I sat alone in my car for those next few days, stranded on the island of contemplation, surrounded by oceans of regret. I wondered about morality. This gnawing sense between goodness and evil, I wondered why I felt this need to protect the former from the latter. This conviction that had led me down the path of law enforcement at a young age. Who knew years laters it would also lead me to arrest my own partner and serve as a witness against him in his trial for police brutality and manslaughter. Looking at my life now, having experienced the isolation and the ridicule that came with such a decision, “was it worth it,” I muttered in the darkness as I noticed a dark slender figure hit the keypad at the door of the building and walk inside.

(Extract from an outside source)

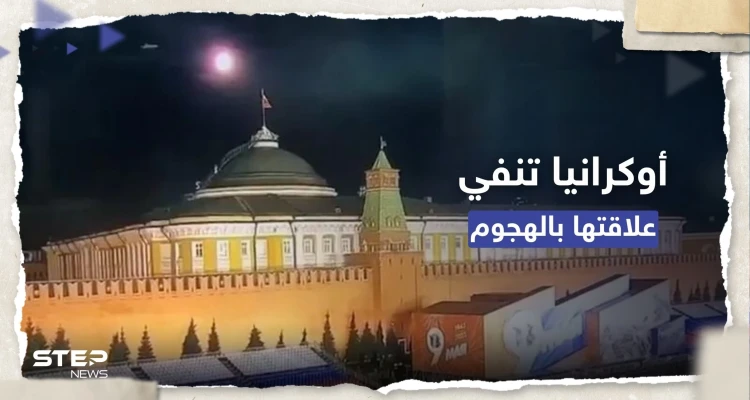 بعد هجوم الكرملين.. أوكرانيا تنفي علاقتها وزيلينسكي يُحدد "موعد النصر"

Thrusted back to reality by what I had just seen, I shifted my eyes towards my watch and noticed it was just past 12AM. “Who the hell is that and what are they doing here at this hour,” two questions that stopped mattering two hours ago since I was supposed to be gone at 10PM. I thought to start my car and just leave, but there was this feeling that wouldn’t let me put the key into the ignition. This feeling that always creeps up the small of my back at the worst times, signifying that something isn’t quite right. One of my hands clenched the steering wheel, one foot rested on the brake pedal, I stuck the key in the ignition and just as I readied to turn it, a black cargo van rolled in front of the door of the building. It’s lights were off. Three masked figures appeared from within as it pulled away just as silently as it had approached. I strained my eyes from across the street and watched as one of the three hit the keypad of the door and they all disappeared inside. Their flashlights flickered and danced on the giant windows of the glass building as they searched. I watched the show in confusion as they scoured each floor. Time slowed. My mind wondered about whether or not I should insert myself into a situation that had absolutely nothing to do with me. There it was, creeping up the small of my back, yet again. This feeling held me hostage. The lights that slow danced along the windows began to pick up their tempo. The rhythm they now moved to was the frantic beat of giving chase. I saw the slender figure running through the halls towards the stairwell. Floor 3. Without hesitation I left the car, gun drawn, running towards the building. As I approached, the slender figure burst through the front door and transformed into a curly haired woman, who’s brown flushed face glistened golden in the light of the moon. She clenched a small black case in her right hand.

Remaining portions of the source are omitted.